# Help finding a 1994 Blower Motor Resistor



## knight1103 (Jun 25, 2008)

I have a 1994 Nissan Maxima with auto climate control that has a bad blower motor resistor. I replaced it with a new one that I got from the auto part store but it did not fix the problem. I called the Nissan dealership and they verified that there are two different resistors, one for manual climate control and one for auto climate control. The one that I got from the part store was for manual climate control cars. The problem is, I have called many part stores and they all only list one resisitor (which is the manual control one). I can not find anyone that sells an aftermarket one for the auto climate control. Does anyone know were I can get one besides at the dealership which wants $86.00 for it. Please help. There must be someone that sells it aftermarket or has a used one for sale. The Nissan part number for it is 2776185E01.

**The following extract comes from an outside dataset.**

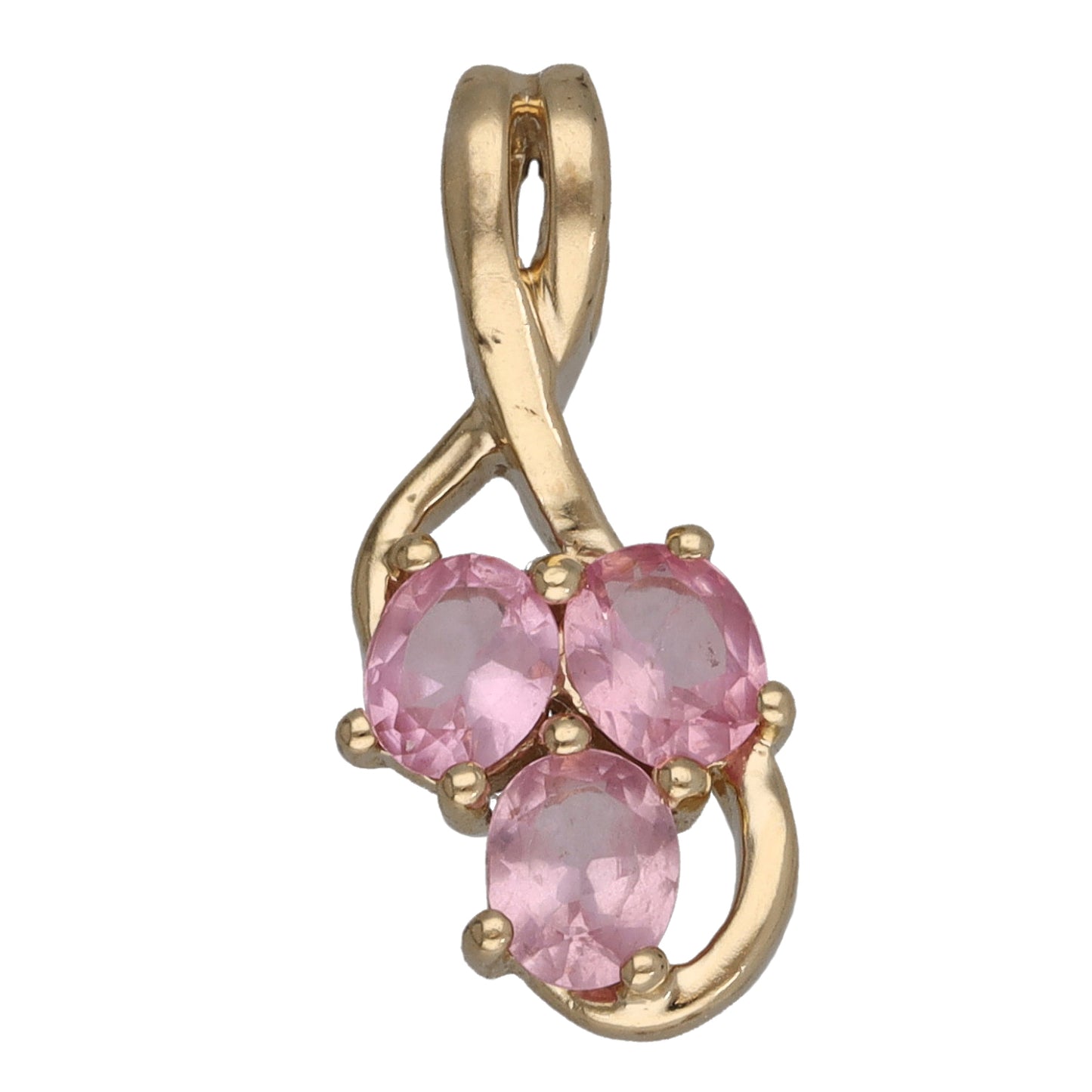 9ct Gold Pink Sapphire Dress/Cocktail Pendant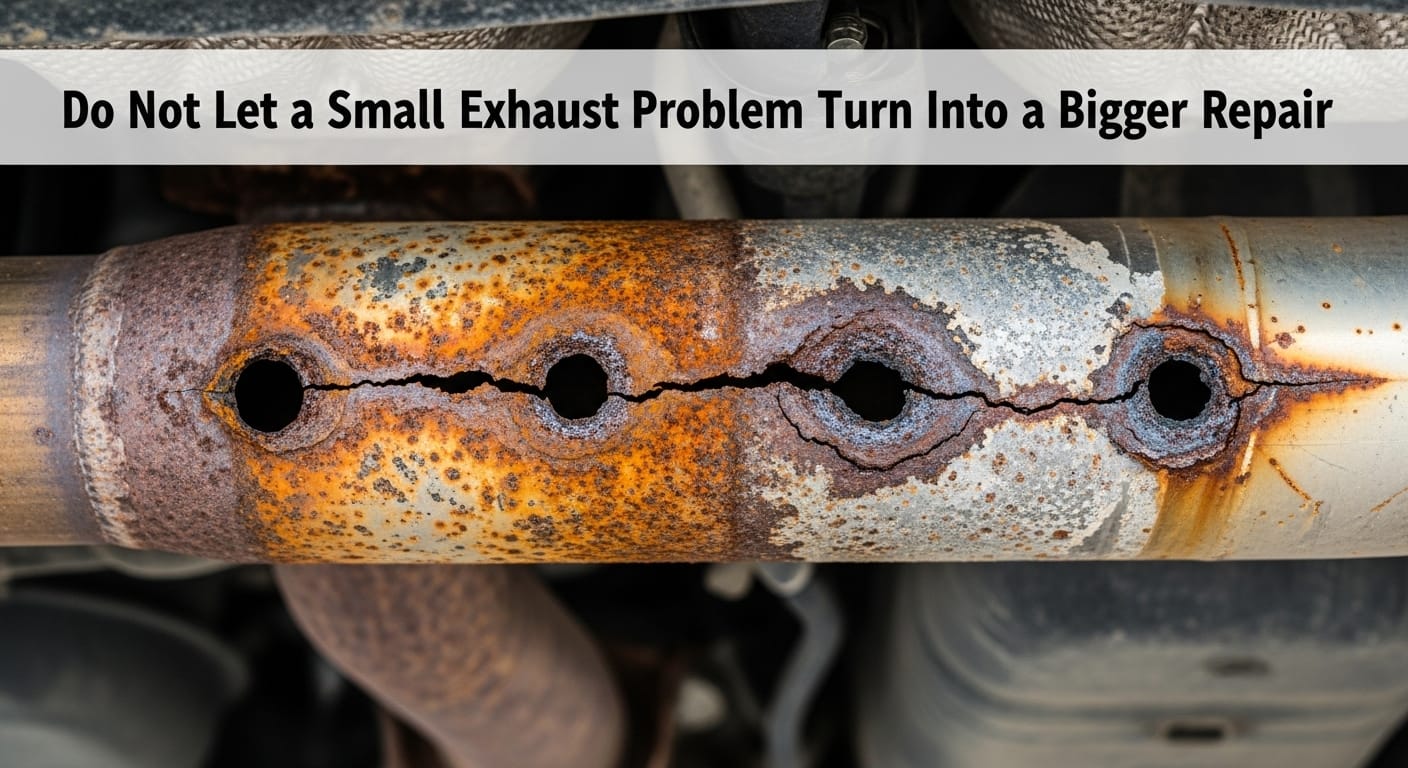 Do Not Let a Small Exhaust Problem Turn Into a Bigger Repair Recommended size 800×600 px Image Prompt Realistic photo of a rusted and damaged exhaust pipe with visible holes or corrosion, close-up detail, natural lighting, gritty texture, emphasizes progression of damage over time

Thank you, anyone, for any help!!!


----------



## internetautomart (Mar 8, 2004)

I've got it available for $50 plus shipping brand new.
Internet Auto Supply


----------



## knight1103 (Jun 25, 2008)

Thank you for your help and for the link to the site.


----------



## knight1103 (Jun 25, 2008)

internetautomart said:


> I've got it available for $50 plus shipping brand new.
> Internet Auto Supply



Bought, delivered fast and installed......works great....thanks!


----------